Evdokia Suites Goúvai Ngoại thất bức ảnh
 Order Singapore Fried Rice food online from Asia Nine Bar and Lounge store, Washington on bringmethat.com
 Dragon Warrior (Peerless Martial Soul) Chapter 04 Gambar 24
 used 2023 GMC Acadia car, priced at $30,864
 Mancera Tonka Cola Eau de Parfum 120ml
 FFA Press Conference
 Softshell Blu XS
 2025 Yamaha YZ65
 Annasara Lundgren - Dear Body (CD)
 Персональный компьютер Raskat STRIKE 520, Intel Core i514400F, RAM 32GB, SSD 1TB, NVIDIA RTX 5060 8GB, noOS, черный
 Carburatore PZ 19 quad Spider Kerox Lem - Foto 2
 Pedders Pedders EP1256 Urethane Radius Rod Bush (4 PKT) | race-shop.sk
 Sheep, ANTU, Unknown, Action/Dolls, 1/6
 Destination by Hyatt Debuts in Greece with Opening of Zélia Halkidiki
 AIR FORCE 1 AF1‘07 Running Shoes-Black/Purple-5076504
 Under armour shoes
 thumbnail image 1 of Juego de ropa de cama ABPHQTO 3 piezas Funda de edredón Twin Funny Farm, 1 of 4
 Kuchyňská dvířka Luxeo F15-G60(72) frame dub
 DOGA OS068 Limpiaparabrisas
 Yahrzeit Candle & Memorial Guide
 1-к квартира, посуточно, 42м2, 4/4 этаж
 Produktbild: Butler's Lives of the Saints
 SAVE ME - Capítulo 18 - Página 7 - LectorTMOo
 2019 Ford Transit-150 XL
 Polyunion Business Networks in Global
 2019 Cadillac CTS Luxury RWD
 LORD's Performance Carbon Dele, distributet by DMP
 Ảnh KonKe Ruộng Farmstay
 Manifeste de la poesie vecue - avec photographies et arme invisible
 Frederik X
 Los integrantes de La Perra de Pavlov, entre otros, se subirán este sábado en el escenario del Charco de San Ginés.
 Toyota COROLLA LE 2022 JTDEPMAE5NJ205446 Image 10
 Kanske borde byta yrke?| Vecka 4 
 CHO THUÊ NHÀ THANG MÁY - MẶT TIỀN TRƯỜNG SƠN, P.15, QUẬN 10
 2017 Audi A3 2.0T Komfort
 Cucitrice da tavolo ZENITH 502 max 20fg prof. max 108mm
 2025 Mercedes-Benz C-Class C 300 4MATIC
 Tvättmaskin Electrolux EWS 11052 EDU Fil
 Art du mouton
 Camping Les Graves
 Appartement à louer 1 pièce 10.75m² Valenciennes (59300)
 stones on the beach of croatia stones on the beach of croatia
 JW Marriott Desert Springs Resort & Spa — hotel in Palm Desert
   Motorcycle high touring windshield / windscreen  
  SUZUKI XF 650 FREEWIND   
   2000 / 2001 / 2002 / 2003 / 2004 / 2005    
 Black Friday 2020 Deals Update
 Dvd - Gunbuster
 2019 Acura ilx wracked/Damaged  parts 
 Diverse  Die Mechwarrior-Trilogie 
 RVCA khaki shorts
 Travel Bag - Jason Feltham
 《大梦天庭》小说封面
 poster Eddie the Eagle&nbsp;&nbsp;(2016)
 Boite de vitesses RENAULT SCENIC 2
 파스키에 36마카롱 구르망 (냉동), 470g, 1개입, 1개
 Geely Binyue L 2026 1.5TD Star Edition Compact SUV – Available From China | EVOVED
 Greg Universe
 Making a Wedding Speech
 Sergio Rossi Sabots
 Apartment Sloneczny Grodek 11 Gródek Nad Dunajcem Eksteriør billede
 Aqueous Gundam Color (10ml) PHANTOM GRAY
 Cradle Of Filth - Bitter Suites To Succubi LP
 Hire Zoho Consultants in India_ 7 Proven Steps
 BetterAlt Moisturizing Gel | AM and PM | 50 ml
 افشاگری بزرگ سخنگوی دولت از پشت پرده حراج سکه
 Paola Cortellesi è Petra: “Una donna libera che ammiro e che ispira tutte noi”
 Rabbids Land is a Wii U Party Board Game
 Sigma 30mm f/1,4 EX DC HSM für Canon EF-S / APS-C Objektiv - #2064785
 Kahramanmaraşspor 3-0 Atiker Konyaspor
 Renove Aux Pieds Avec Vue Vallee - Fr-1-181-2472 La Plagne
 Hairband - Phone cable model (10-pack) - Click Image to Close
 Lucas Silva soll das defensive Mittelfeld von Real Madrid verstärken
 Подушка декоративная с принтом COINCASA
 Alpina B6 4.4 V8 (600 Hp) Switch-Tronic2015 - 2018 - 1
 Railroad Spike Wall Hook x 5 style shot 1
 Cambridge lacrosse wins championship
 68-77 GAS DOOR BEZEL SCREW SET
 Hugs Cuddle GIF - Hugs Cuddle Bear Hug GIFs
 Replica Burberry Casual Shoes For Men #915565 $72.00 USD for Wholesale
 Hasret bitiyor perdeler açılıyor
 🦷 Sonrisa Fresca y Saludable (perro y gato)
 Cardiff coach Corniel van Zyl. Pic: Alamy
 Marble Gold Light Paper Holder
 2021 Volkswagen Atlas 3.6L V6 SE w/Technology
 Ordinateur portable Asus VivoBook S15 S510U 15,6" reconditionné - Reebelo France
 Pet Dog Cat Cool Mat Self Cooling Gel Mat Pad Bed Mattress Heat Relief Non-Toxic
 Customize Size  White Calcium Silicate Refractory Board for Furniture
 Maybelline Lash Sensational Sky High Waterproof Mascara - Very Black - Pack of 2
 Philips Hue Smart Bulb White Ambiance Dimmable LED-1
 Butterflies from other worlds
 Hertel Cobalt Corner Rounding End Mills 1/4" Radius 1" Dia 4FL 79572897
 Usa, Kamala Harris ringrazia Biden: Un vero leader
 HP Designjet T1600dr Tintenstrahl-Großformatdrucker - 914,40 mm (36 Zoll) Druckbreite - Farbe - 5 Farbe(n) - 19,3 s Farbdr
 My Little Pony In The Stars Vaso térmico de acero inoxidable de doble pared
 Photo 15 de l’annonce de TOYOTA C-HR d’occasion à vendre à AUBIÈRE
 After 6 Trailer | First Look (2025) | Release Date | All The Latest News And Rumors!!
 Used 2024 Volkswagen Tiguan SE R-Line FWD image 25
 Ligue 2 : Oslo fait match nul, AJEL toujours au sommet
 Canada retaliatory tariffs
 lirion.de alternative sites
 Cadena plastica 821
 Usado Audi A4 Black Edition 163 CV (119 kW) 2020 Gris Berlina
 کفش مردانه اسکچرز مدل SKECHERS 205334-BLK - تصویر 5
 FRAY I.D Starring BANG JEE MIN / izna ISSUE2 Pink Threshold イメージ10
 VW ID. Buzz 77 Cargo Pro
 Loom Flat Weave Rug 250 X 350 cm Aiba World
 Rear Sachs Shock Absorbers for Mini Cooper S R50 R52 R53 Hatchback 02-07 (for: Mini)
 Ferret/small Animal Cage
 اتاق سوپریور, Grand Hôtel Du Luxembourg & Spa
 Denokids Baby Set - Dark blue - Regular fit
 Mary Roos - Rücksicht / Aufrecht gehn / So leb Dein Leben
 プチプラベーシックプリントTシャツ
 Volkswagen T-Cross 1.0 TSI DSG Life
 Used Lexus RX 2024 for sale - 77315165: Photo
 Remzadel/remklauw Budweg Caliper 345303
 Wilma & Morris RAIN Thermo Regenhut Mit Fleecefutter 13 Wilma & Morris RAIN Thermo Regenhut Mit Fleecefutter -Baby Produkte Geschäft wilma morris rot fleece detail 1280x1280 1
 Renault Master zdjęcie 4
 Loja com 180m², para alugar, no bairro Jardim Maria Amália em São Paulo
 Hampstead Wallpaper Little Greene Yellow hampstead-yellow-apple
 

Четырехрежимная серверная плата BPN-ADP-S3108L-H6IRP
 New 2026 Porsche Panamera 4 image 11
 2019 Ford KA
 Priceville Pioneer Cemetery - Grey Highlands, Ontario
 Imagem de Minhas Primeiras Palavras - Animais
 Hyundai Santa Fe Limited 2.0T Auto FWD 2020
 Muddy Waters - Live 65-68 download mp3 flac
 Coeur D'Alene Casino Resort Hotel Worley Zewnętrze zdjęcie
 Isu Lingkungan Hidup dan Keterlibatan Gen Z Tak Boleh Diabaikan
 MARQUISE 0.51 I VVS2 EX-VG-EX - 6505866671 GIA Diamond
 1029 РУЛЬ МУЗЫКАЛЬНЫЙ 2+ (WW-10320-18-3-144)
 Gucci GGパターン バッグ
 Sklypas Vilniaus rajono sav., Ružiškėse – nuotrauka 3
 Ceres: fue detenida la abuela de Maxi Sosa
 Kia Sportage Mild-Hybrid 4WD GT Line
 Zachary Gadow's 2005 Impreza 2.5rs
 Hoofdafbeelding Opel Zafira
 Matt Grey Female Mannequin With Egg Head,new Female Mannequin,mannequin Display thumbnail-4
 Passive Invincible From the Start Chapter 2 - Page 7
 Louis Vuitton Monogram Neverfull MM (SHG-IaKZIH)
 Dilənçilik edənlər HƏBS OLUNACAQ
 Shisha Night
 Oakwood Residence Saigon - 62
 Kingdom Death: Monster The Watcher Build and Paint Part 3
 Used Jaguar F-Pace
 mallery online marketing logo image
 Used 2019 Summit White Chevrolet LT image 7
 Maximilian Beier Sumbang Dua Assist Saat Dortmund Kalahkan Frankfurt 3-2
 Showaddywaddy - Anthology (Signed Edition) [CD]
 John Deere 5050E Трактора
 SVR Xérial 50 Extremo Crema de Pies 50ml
- - -
Instructions for the task -
Extract, exactly, the lines above that begin at the line containing "Oakwood Residence Saigon - 62" and end at the final line of the records; add no other text.

Task output -
 Oakwood Residence Saigon - 62
 Kingdom Death: Monster The Watcher Build and Paint Part 3
 Used Jaguar F-Pace
 mallery online marketing logo image
 Used 2019 Summit White Chevrolet LT image 7
 Maximilian Beier Sumbang Dua Assist Saat Dortmund Kalahkan Frankfurt 3-2
 Showaddywaddy - Anthology (Signed Edition) [CD]
 John Deere 5050E Трактора
 SVR Xérial 50 Extremo Crema de Pies 50ml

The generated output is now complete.